By Monica Luhar, KCET – Sept. 15, 2014
Growing concerns over last month’s 6.0 earthquake in Napa has once again prompted a discussion about an early warning system in California and on the West Coast. While other countries like Mexico and Japan have implemented such systems, the U.S. has not. Here’s an overview of a few efforts that would benefit California.
In 2007, a coalition of researchers and engineers created a prototype for a statewide earthquake early warning system called the California Integrated Seismic Network ShakeAlert. The system contains algorithms that are able to detect potential earthquakes, including the magnitude, and location seconds before it hits.
Thomas Heaton, a professor of Engineering Seismology and director of the Earthquake Engineering Research Laboratory at Caltech, is part of a team at ShakeAlert working to make a statewide early warning system a reality for Californians.
“We’ve been working on rapid seismic information in the state of California for decades now, and part of the plan has always been to make our system so effective at churning out information that some people will get information before they get the shaking,” Heaton told KCET. “I think especially at this point in time, where everyone’s walking around with a smartphone that keeps us connected to every stupid thing that goes on in the planet, it’s kind of amazing that we don’t know an earthquake is underway,” he added.
ShakeAlert is mainly used for demonstrative purposes, but is not in its operable stage quite yet.
“While the current system could be used to operate a statewide system, all of us feel that significant software development is necessary before it is appropriate to use it to automatically control critical infrastructure,” said Heaton.
The early earthquake warning system would detect earthquakes at the epicenter a few seconds before it would hit. It would also monitor how big an earthquake would be, and help the public take preventative measures.

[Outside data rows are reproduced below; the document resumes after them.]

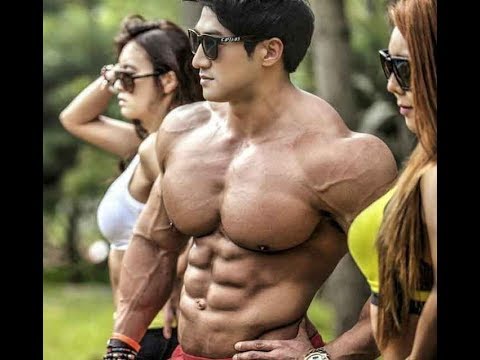 Chul Soon workout motivational video 2018 | korean mass monster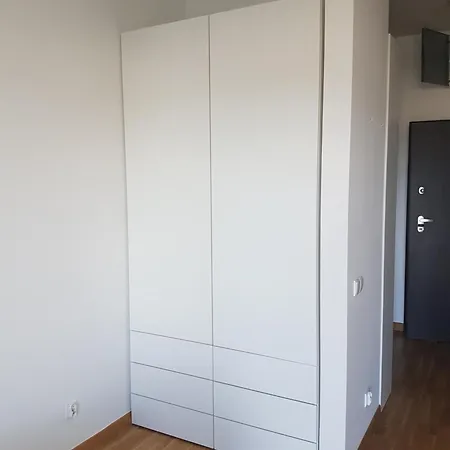 18 Pietro Panoramiczny Widok Przymorze Danzig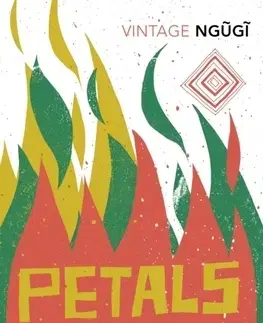 Cudzojazyčná literatúra Petals of Blood - Wa Thiongo Ngugi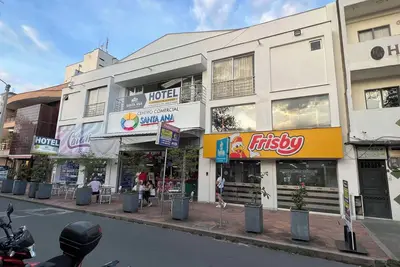 Image de Hotel boutique en el centro de la ciudad cuenta con frisby y almacenes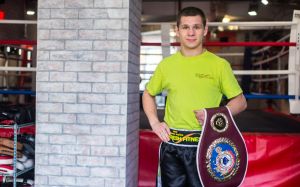 Евгений Чупраков единогласным решением победил Пабло Мануэля Охеду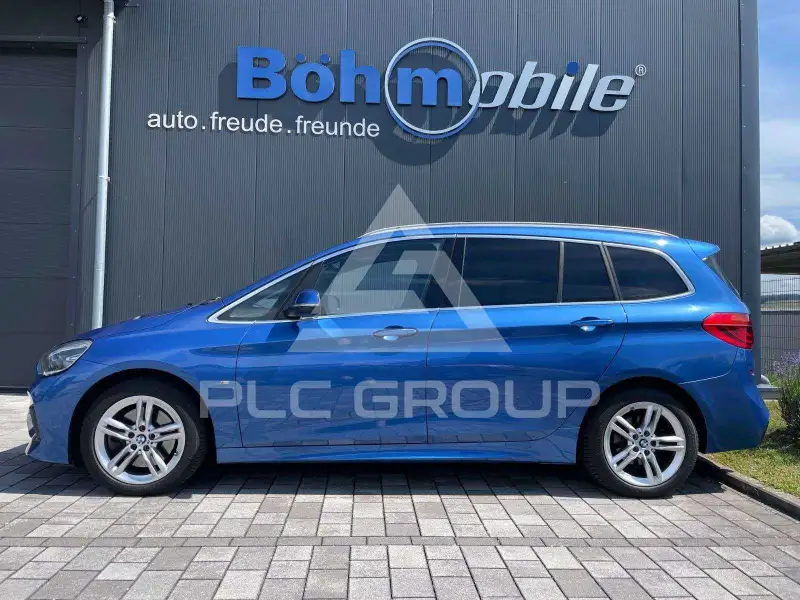 2018 BMW 218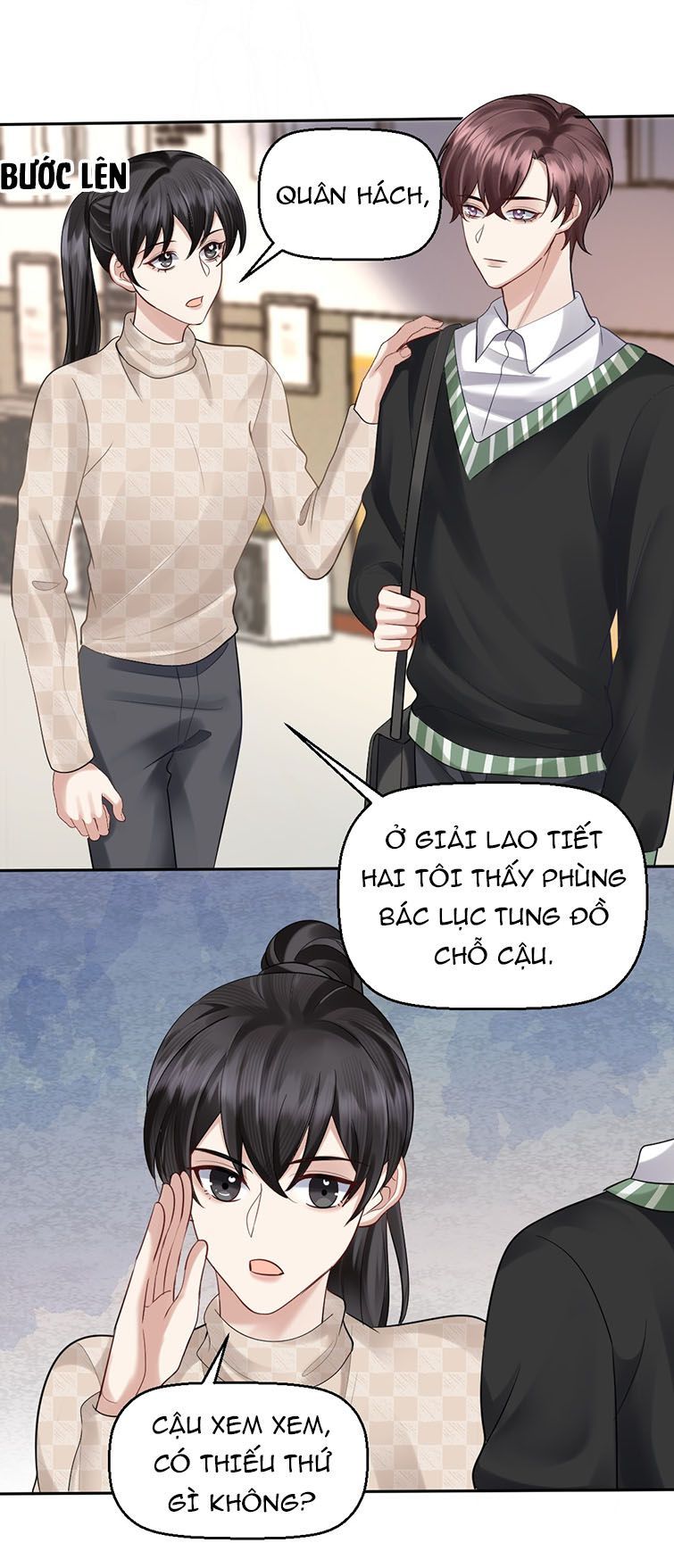 Máy Bay Giấy Chapter 60 - 32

“The earthquake budget for USGS has steadily declined so now it’s less than one-third of where it was 30 years ago. There’s no resources to do something new here in the U.S.,” said Heaton.
Heaton estimates that if USGS gives researchers the green flag for ShakeAlert, it would roughly cost $80 million dollars for the state of California. A system developed and maintained over a period of five years for the entire West Coast region would cost roughly $120 million dollars.
The ShakeAlert system at the UC Berkeley Berkeley Seismological Laboratory did in fact give an early heads up a few seconds before the Napa quake hit this August, proving that the system could be valuable if put into active use.
ShakeAlert is funded by USGS and several other foundations, and was initially developed by a coalition that includes California Institute of Technology, UC Berkeley, the Swiss Federal Institute of Technology, and the University of Southern California.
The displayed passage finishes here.